Who's fault the rape is, to me, totally situational. Most of the time both the parties are to blame, like when a women goes into a bad neighborhood wearing proactive clothing. She should already know there is a good chance she is going to get assaulted and raped if she goes through a place that has alot of criminals. It's not just her fault, the man who raped her is still to be blamed for initiating the rape, but she was basically prostrating herself before the dude and in his mind just "asking for it.

Stupid minor, of course you would think like an idiot.
 
I think it was said before but one of the big problems with who's fault rape is is that people generally don't want to blame the victims lack of common sense for whatever situation they're in. Women tend to forget that when they're in public men don't talk to them because we care about their inner most feelings; we talk to them because we either want to have sex with you or because we have to(generally speaking anyways). How many guys have gone to a bar and talked to a girl because they were curious about her personality? Not many. That guy's not buying women drinks because he cares about her deepest thoughts; he's buying her drinks so he can fuck her, which is something most women don't understand. If a woman puts herself in a stupid position, which in no way justifies a mans actions, she raises the risk of becoming a victim.

While rape is always the aggressors fault, a little bit of common sense can prevent a lot of those situations where someone becomes a victim; especially with the scenario that started the thread. There isn't much of a gray area with the legal definition of rape, as the military law shows, but if you make a habit of putting yourself in a compromising situation it would be difficult to argue that you can't share some of the blame for what happens to you.


So in short:
Yes its rape and it is the guys fault but it's also partially the girls fault since she was stupid enough to put herself in a situation she obviously didn't want to be in.
 
Women are quite well aware of male intention, for the most part. Anyone who thinks otherwise is fucking clueless about women.

The reason why 'blame the victim' is generally and rightly considered bullshit is because that sort of thinking essentially forces women to orient their entire livelihoods in their own defense. "A little bit of common sense." "She shouldn't have been living in that neighborhood. She should have locked her door. She shouldn't have taken those drinks. She shouldn't have stepped outside. She should have had the common sense to keep an eye in the back of her head. She should have known better than to walk home alone with her boyfriend. She should have known better than to go out with such questionable friends."

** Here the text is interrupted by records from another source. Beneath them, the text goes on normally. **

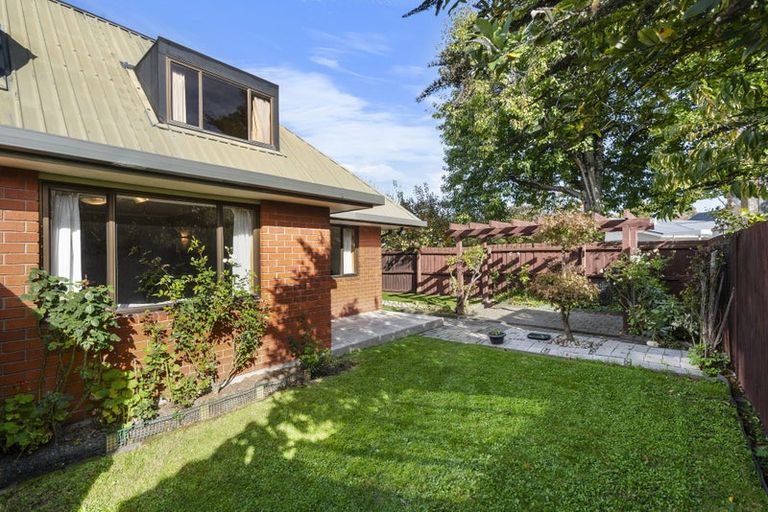 Photo of property in 203b Memorial Avenue, Burnside, Christchurch, 8053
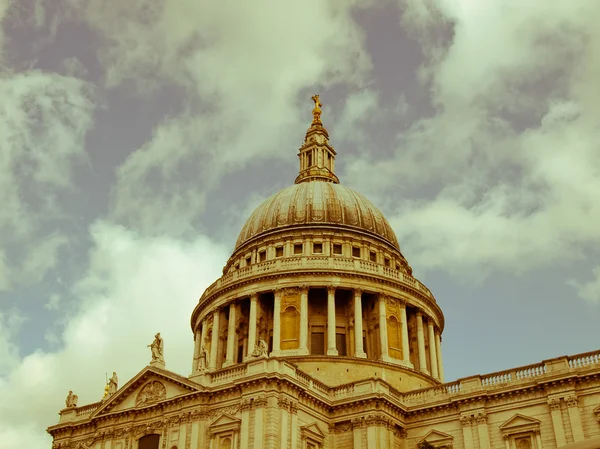 Retro com vista para a Catedral de São Paulo, Londres — Fotografia de Stock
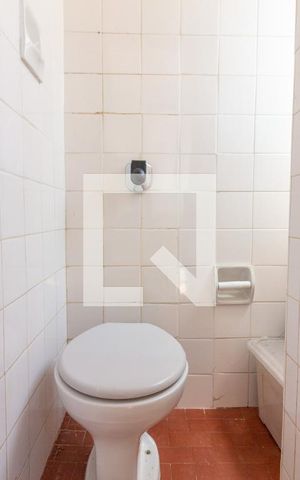 Apartamento à venda com 82m², 2 quartos e 1 vaga Apartamento à venda com 82m², 2 quartos e 1 vagaBanheiro de Serviço
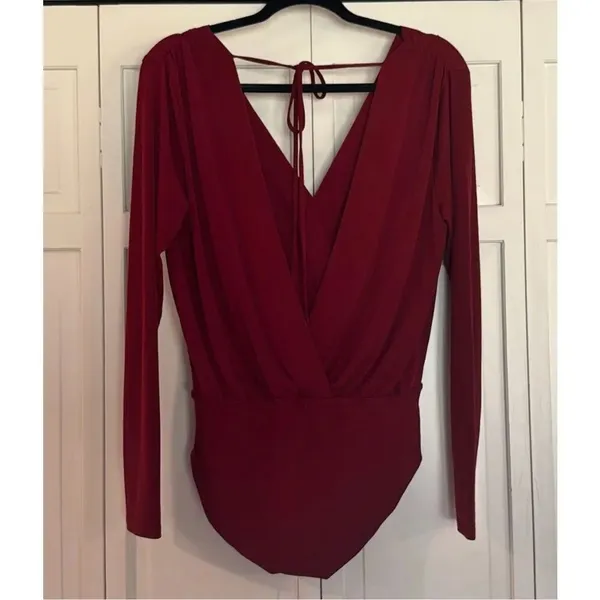 Bcbg Generation burgundy wrap bodysuit top M Red Size M - Image 10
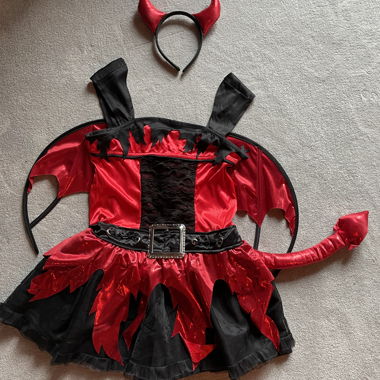 Red demon costume with wings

You're not asking for just a bit of common sense, you're asking her to orient her entire life around protecting herself. What, exactly, is the point of civilization at all if we cannot free people from that burden?
 
So basically what you're saying is a person shouldn't look at themselves and the things they do in regards what happens to them? That is an incredibly stupid thought. This whole topic is based off of a stupid question where a woman asked who's fault a rape was in her hypothetical situation. She didn't know and you're trying to say that a lot of women ignorant to a mens intentions? At no point did i say someone has to sacrifice having a good time in order to stay safe, I simply stated that people need to be aware of their surroundings, other peoples motivations and consequences of their own actions.

I'm sick of that hippie feel good nonsense where if someone does something stupid and where there's a consequence as a result, they're coddled and told they didn't do anything wrong or have any control over what happened to them. For instance, would it be a bad idea to actually think about if you're ready for sex before putting yourself in that situation? By your logic it wouldn't matter because a woman has no control over her own actions and going farther into your argument one could say a man has no control over his actions either. Notice that I didn't say either party was in the right in the whole scenario and that is because both people did something that was either wrong or incredibly stupid. This whole discussion was brought up with the idea that a woman initiated something that she wasn't ready for and wasn't some random violent abduction off of the street where a woman truly doesn't have any control.

Of course it would be too much to ask for anyone to ever to get to know their partner well enough so this sort of thing wouldn't happen to them. If someone doesn't respect your request to stop it shows that the aggressor doesn't have respect for their partner which is a basic to any healthy relationship. If all women knew how men were or all the perspectives when it comes to rape then this topic wouldn't have even been put on the board.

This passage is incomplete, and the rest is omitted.